He left Scollard Hall high school in Grade 10 to become a carpenter. In 1951, he began contract work. In 1953, he married Anita Major, whom he met in Temagami, Ontario. They married in 1953 and had six children. In 1957, he started John F. Seguin Ltd., a building contracting business that he operated until his retirement. In 1972, he created Bay Building Components, a manufacturing business, which he operated until 1979. When he retired, he spent winters in Big Pine Key or Punta Gorda, Florida .

From 1983 to 1985, he studied drawing, painting and photography at Florida Keys Community College in Key West, Florida. From 1986 to 1987, he studied drawing with Don Stewart, as well as painting and etching, in San Miguel D'Allende, Mexico at Bellas Artes. From 1987 to 1988, John took studio with Ron Shuebrook at the Ottawa School of Art, in Ottawa, Ontario, and participated in the extended art history trip to Europe with art historian, Yves Larocque. In 1988, he graduated with a three-year diploma. While in Ottawa, he studied painting and drawing with Richard Gorman and Robert Hyndman. His studio was in Callander Bay, Ontario. John died in 2001.

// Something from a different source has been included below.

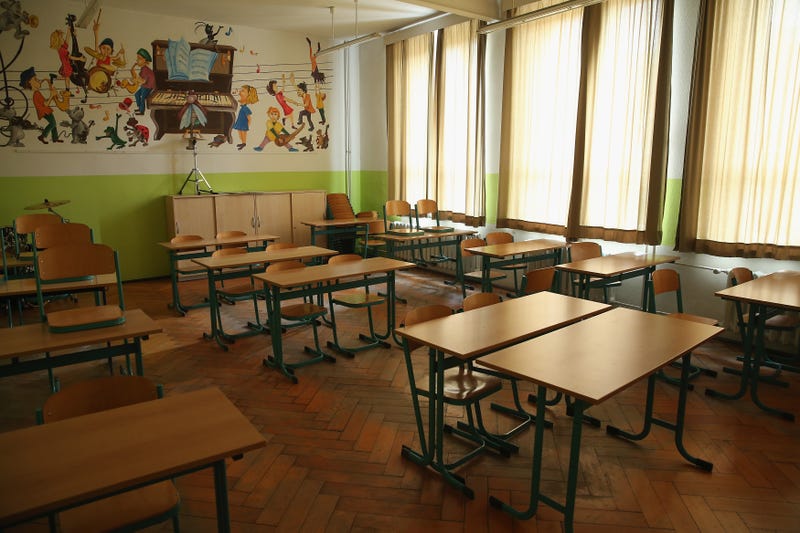Empty classroom in Germany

Solo exhibitions of his work have been held in North Bay at White Water Gallery and the W. K. P. Kennedy Gallery (John F. Seguin Retrospective, 2003).

John's works are in private and corporate collections, including J.S. Redpath, Correctional Services (North Bay), Ontario Northland Railway, and IBM.

(The biographical information featured here was written in consultation with John's daughter, Caroline Seguin-Rutland, in 2006.)

Profile:

John F. Seguin, local Building Contractor and Artist, was born in North Bay, Ontario, to parents Clara (Fournier), and Archie Seguin in 1928. My father's upbringing played a significant part in preparing him for the role of Painter. My grandmother, Clara, was also an accomplished Artist, and my grandfather, Archie, an amateur Jewelry Designer. The most significant aspect of his childhood, apart from his artistic milieu, was the richness of his surroundings. My father spent his childhood summers at his parent's summer cottage on Lake Nosbonsing, where he developed a connection with nature that was central in his work. His mother, a schoolteacher, encouraged his creativity. She recounted with pride his precocity when, as a very young child, he built a toolbox with precise accuracy and adorned it with a realistic painting of a devil.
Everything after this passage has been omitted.